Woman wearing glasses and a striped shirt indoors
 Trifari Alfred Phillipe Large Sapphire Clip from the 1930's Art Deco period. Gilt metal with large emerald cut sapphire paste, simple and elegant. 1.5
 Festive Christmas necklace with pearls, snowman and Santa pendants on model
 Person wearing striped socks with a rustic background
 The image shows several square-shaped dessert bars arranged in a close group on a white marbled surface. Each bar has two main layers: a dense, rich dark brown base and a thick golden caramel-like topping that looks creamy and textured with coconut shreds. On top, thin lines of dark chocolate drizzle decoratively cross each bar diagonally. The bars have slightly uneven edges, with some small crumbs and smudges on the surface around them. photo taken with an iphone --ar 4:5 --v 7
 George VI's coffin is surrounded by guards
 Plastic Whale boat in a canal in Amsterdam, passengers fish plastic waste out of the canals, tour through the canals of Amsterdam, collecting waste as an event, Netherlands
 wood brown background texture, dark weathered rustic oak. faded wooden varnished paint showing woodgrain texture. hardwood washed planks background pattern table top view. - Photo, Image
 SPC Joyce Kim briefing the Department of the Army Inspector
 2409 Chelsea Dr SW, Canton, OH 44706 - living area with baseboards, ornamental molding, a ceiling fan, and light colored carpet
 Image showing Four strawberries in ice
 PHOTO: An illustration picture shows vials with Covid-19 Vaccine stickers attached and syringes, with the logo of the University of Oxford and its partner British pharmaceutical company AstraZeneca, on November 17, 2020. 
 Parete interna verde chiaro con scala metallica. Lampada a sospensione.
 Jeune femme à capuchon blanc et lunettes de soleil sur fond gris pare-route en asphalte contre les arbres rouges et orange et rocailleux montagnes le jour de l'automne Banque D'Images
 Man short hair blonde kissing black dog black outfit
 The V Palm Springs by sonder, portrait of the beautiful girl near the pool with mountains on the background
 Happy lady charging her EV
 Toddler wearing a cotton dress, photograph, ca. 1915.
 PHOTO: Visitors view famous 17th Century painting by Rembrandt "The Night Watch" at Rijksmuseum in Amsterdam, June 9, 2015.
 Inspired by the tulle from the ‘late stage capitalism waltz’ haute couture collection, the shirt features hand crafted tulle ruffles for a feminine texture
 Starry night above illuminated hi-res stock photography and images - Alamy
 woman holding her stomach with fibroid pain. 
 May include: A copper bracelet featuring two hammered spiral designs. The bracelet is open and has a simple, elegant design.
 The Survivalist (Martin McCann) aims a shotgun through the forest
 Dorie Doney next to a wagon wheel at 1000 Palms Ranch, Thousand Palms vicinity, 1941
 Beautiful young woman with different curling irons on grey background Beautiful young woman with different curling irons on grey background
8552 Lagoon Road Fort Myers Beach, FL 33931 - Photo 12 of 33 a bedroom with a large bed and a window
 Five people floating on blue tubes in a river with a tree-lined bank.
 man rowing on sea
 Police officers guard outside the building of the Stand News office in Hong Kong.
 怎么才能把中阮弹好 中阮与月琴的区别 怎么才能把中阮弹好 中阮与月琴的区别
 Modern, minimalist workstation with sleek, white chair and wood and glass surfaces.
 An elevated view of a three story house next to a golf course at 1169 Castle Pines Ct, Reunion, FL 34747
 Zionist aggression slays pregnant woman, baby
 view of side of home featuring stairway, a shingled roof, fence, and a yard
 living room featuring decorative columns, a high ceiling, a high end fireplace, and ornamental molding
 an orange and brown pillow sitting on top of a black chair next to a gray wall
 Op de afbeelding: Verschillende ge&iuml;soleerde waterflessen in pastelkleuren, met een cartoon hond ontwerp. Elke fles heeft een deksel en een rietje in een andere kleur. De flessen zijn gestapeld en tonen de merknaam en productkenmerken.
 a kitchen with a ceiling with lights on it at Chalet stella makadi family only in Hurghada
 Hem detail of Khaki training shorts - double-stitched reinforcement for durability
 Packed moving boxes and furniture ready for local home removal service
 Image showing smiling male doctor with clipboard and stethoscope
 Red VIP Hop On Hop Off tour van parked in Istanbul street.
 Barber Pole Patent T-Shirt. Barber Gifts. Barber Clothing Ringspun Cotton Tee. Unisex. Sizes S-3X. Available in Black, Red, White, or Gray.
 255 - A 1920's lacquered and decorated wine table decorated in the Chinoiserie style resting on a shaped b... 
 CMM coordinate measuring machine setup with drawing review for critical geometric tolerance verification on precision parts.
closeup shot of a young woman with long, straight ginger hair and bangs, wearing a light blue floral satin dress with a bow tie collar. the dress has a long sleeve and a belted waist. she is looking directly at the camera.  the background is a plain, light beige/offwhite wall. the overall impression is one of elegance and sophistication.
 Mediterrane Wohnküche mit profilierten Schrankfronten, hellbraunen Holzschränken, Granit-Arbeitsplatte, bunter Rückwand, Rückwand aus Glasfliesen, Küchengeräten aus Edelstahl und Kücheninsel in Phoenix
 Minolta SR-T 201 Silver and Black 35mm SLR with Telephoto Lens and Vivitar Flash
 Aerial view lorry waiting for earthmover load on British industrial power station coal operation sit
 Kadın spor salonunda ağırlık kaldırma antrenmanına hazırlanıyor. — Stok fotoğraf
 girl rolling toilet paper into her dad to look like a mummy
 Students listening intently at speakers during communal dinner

_TO DO_. Look through the entries. Copy out each line with "chair" in it.

_ANSWER TO THIS EXERCISE_.
 Modern, minimalist workstation with sleek, white chair and wood and glass surfaces.
 an orange and brown pillow sitting on top of a black chair next to a gray wall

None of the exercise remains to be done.